EXERCISE BRIEF » Starting at the line that contains "Chemise MARGUERITE", write out each line through the end of the data below, exactly as it stands. Skip any pictures.
----------
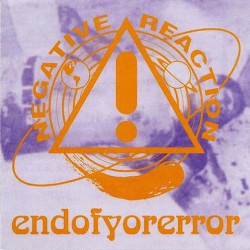 NEGATIVE REACTION - Endofyorerror (CD)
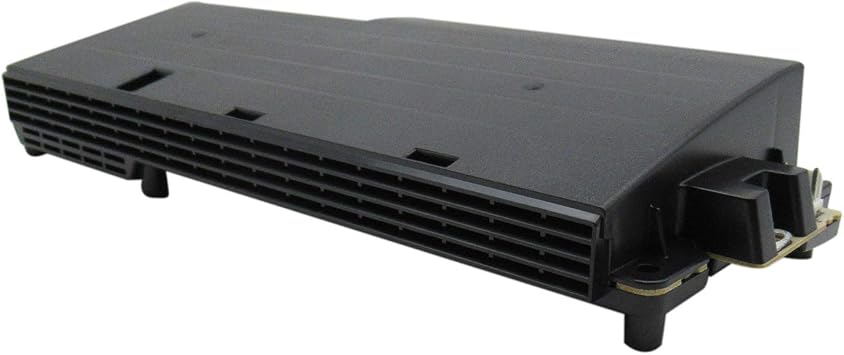XSPANDER Power Supply Unit PSU APS-306 for Sony PlayStation 3 PS3 Slim 3000 Console 160GB 320GB CECH-3001a CECH-3001b Complete Replacement Repair Parts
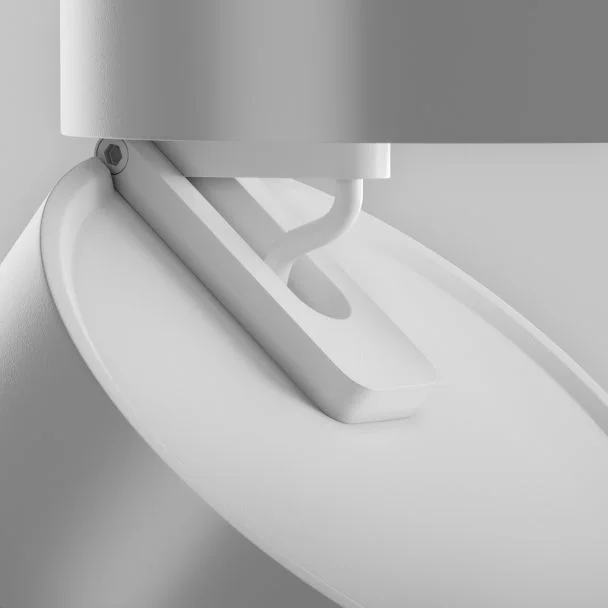 MAYTONI TR007-1-18W3K-W4K ONDA Track Lighting biały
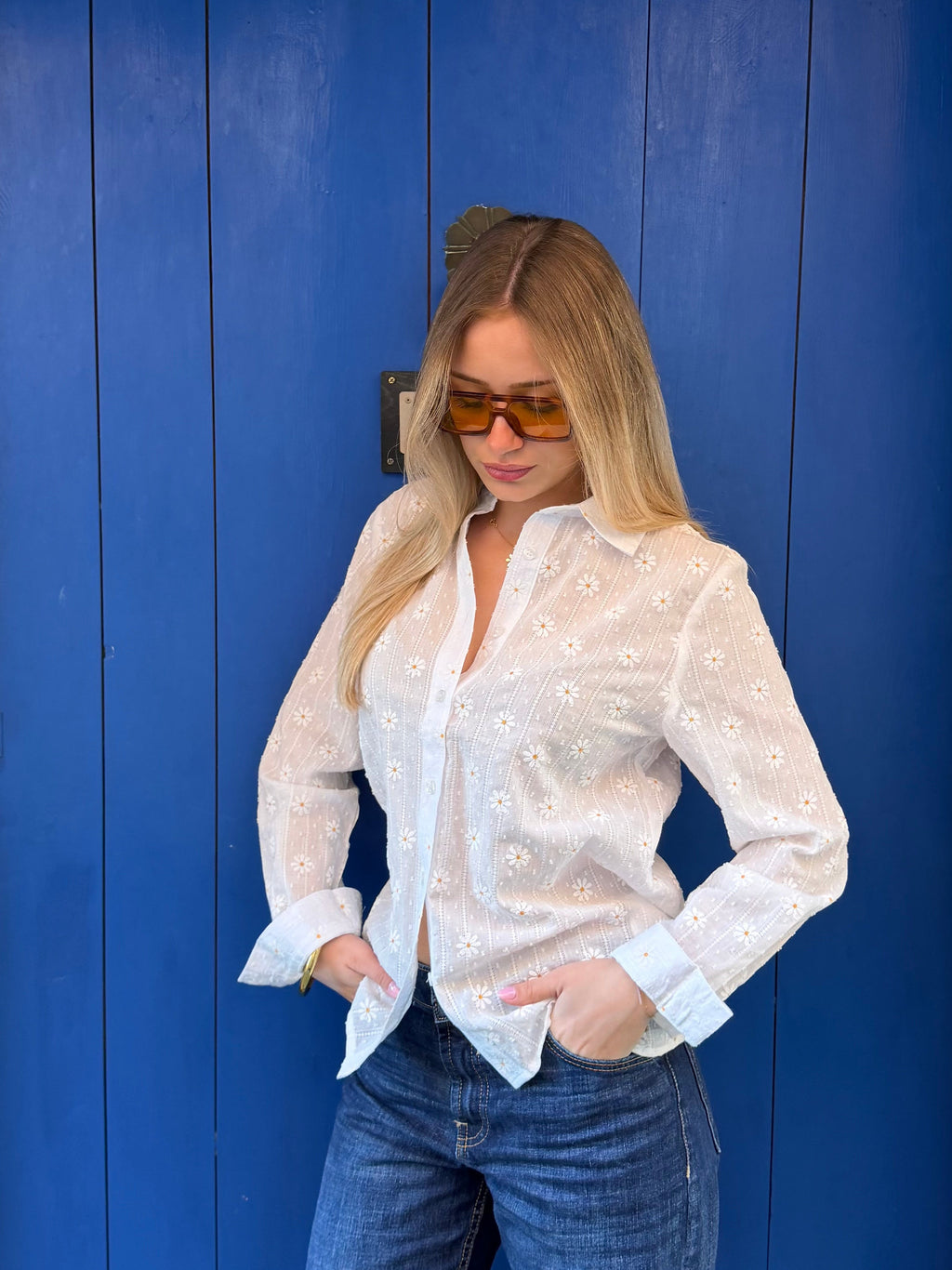 Chemise MARGUERITE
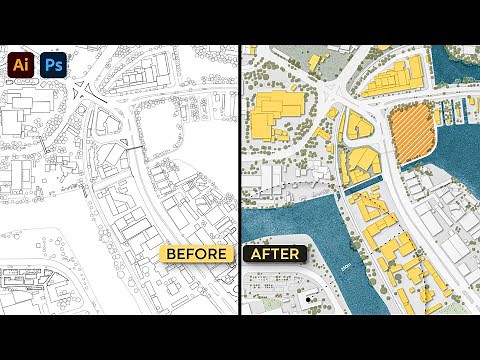 Architecture Site Analysis - A quick and powerful method!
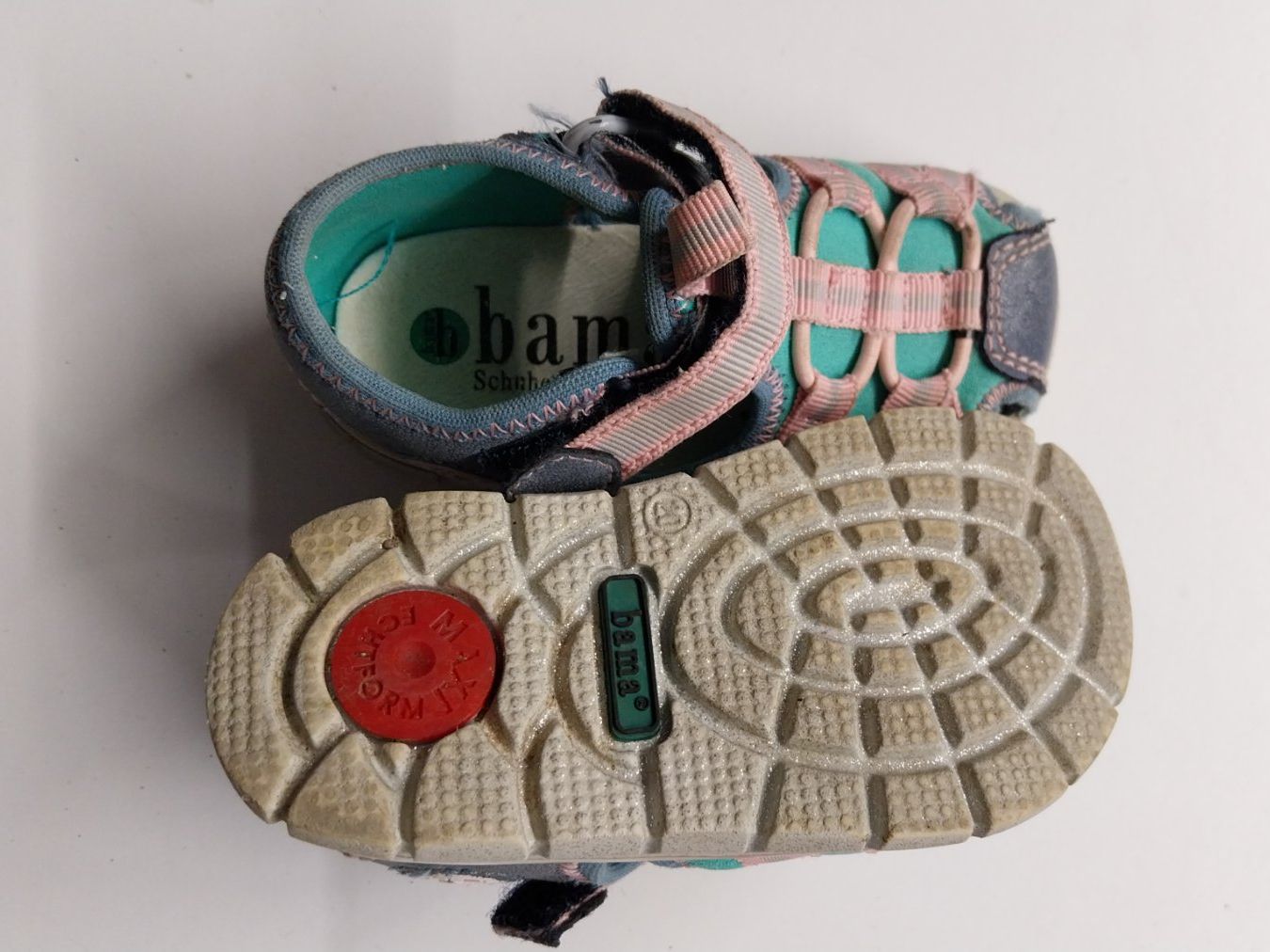 Elefanten Scarpe per ragazzi: Sandalen Gr.20 – Usato da Hochwald venduto da pingu73 1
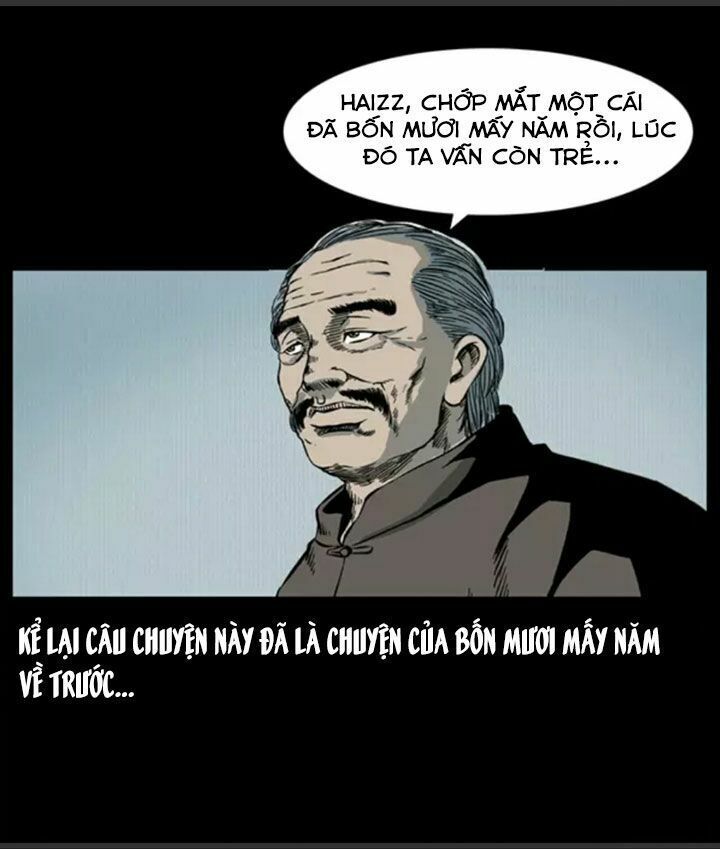 U Minh Ngụy Tượng Chapter 18.1 - Trang 2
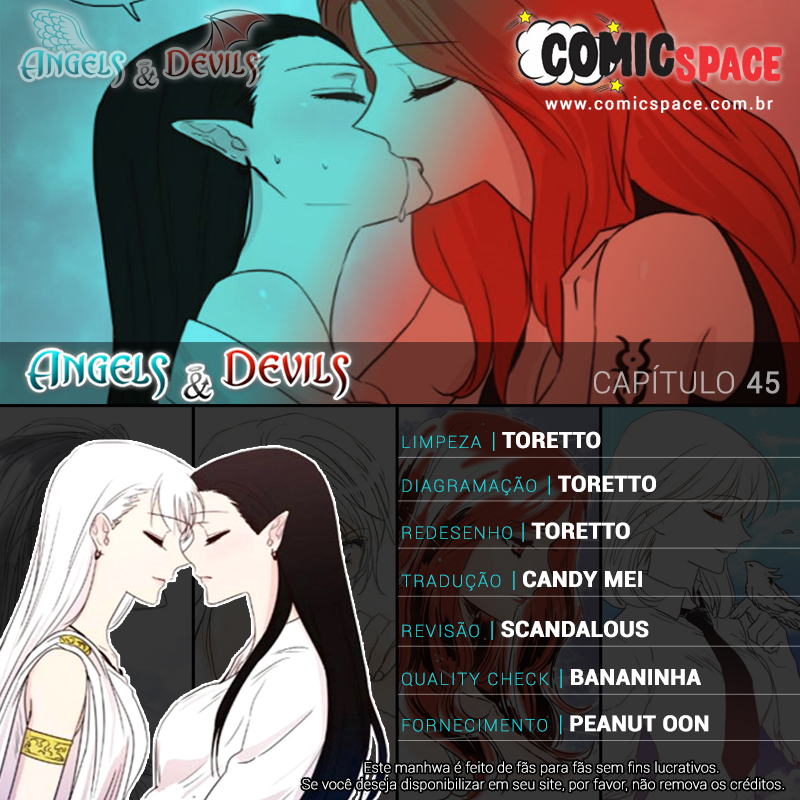 Miss Angel and Miss Devil Capítulo 45 Página 2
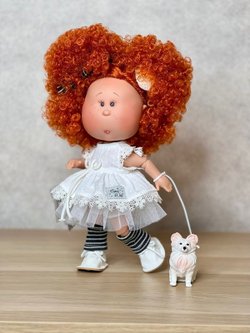 Кукла Nines виниловая 30см MIA CASE шарнирная (3503)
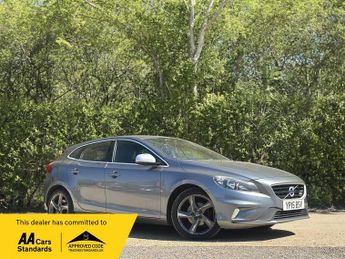 Volvo V40 1.6 D2 R-Design Euro 5 (s/s) 5dr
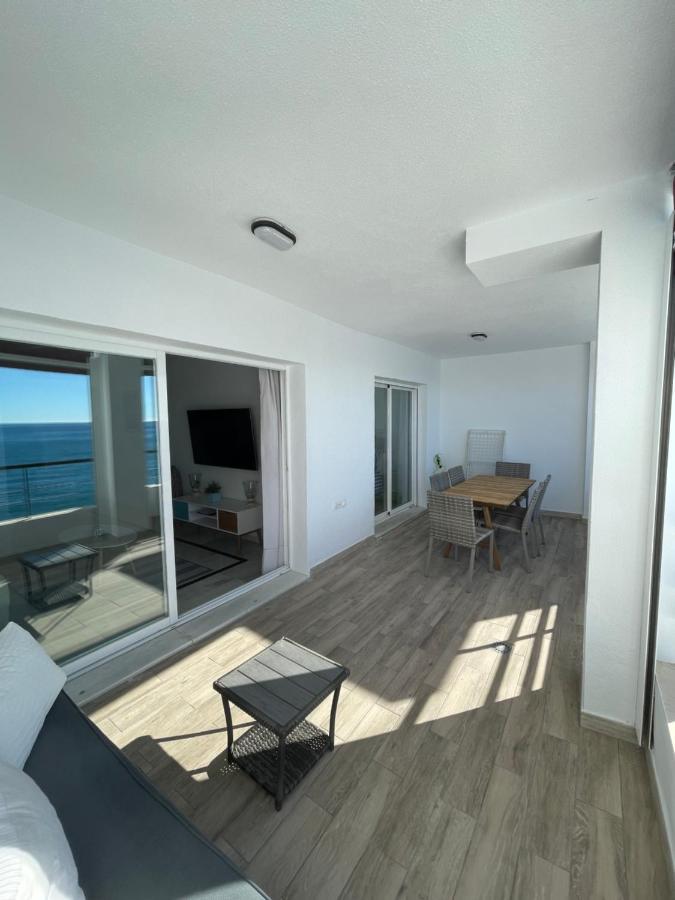 La Nina Del Mar Appartement Benalmádena Buitenkant foto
----------
ANSWER TO THIS PROBLEM »
 Chemise MARGUERITE
 Architecture Site Analysis - A quick and powerful method!
 Elefanten Scarpe per ragazzi: Sandalen Gr.20 – Usato da Hochwald venduto da pingu73 1
 U Minh Ngụy Tượng Chapter 18.1 - Trang 2
 Miss Angel and Miss Devil Capítulo 45 Página 2
 Кукла Nines виниловая 30см MIA CASE шарнирная (3503)
 Volvo V40 1.6 D2 R-Design Euro 5 (s/s) 5dr
 La Nina Del Mar Appartement Benalmádena Buitenkant foto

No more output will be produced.